Madsen, C.J., and Alexander, Sanders, Chambers, Owens, Fairhurst, J.M. Johnson, and Stephens, JJ., concur.

 Another plaintiff, Colleen Myers, was a party to this case. She and Forbes had the same attorney at the outset of the case, and together they terminated the services of that lawyer and retained Schultz. Because Ms. Myers is not involved in this fee dispute, however, she will not be discussed as a party to the case.

 The total of the separate amounts listed by the court is $5,665,176.77. The court originally entered an erroneous amount under “taxable consequences,” CP at 372; it subsequently entered a judgment nunc pro tunc in which the figure was corrected. CP at 382.

 Settlement discussion between Forbes and Schultz was contentious, especially with respect to which contingency percentage would apply if the case settled, 40 percent (settlement) or 44 percent (judgment). Here, the language of the fee agreement was ambiguous as to the factual scenario of reaching settlement after a judgment was obtained.

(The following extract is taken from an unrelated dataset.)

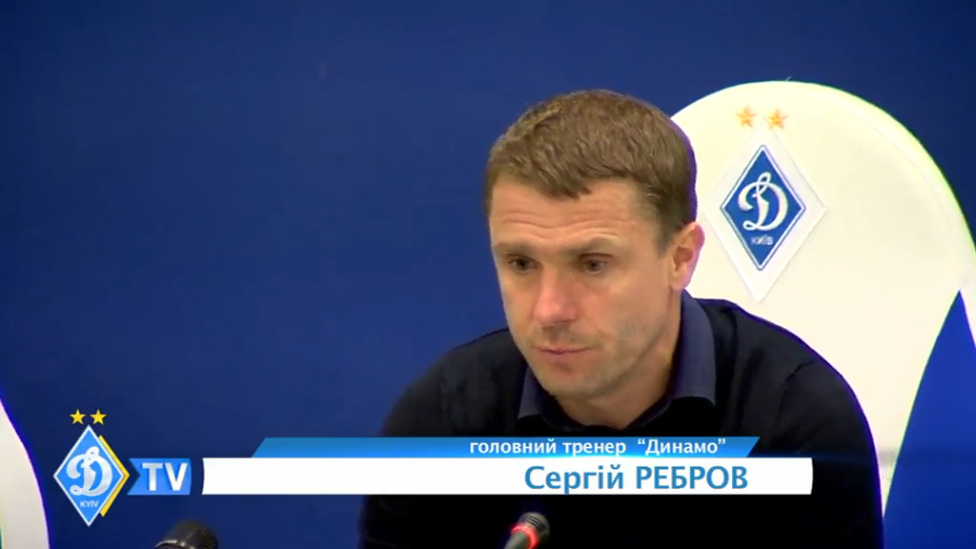 Сергей РЕБРОВ после матча с "Олимпиком" смотреть онлайн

 The trial court entered 100 findings and conclusions at the end of the hearing.

 In its judgment summary, the trial court outlined all of the monetary awards Forbes was to receive. CP at 382-91. These awards, the total of which is $5,655,176.77, included the following: the principal judgment ($4 million); interest on principal judgment ($270,890); taxable consequences ($759,893); attorney fees and costs for first attorney ($35,279); attorney fees for Schultz ($504,736.89); and attorney costs for Schultz ($84,377.88). The trial court also awarded Schultz prejudgment interest, hut the court did not calculate that amount or include the total in its judgment summaries.

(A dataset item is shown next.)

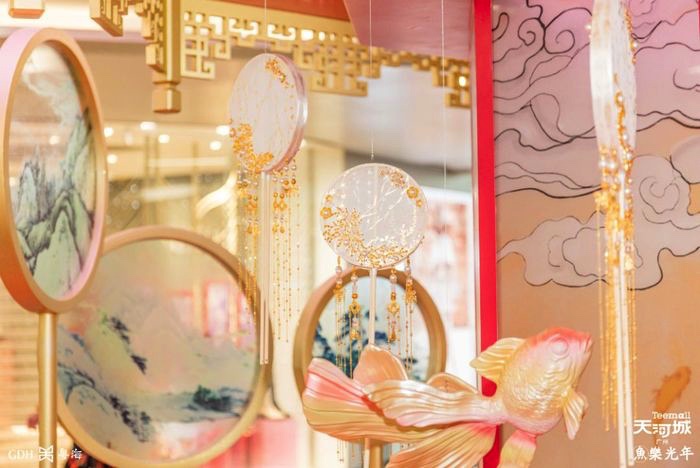 國(guó)潮來(lái)襲，年味天成，一場(chǎng)魚兒的快閃店會(huì)展活動(dòng)驚艷上線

 That the funds were paid into the court registry in this lawsuit between Forbes and ABM, instead of in a new interpleader suit under ROW 4.08.160, has no bearing on our analysis.

 RCW 36.48.090 reads in relevant part as follows:
Whenever the clerk of the superior court has funds held in trust for any litigant or for any purpose, they shall be deposited in a separate fund designated “clerk’s trust fund,” and shall not be commingled with any public funds____The clerk may invest the funds in any of the investments authorized by RCW 36.29.020. The clerk shall place the income from such investments in the county current expense fund to be used by the county for general county purposes unless: (1) The funds being held in trust in a particular matter are two thousand dollars or more, and (2) a litigant in the matter has filed a written request that such investment be made of the funds being held in trust.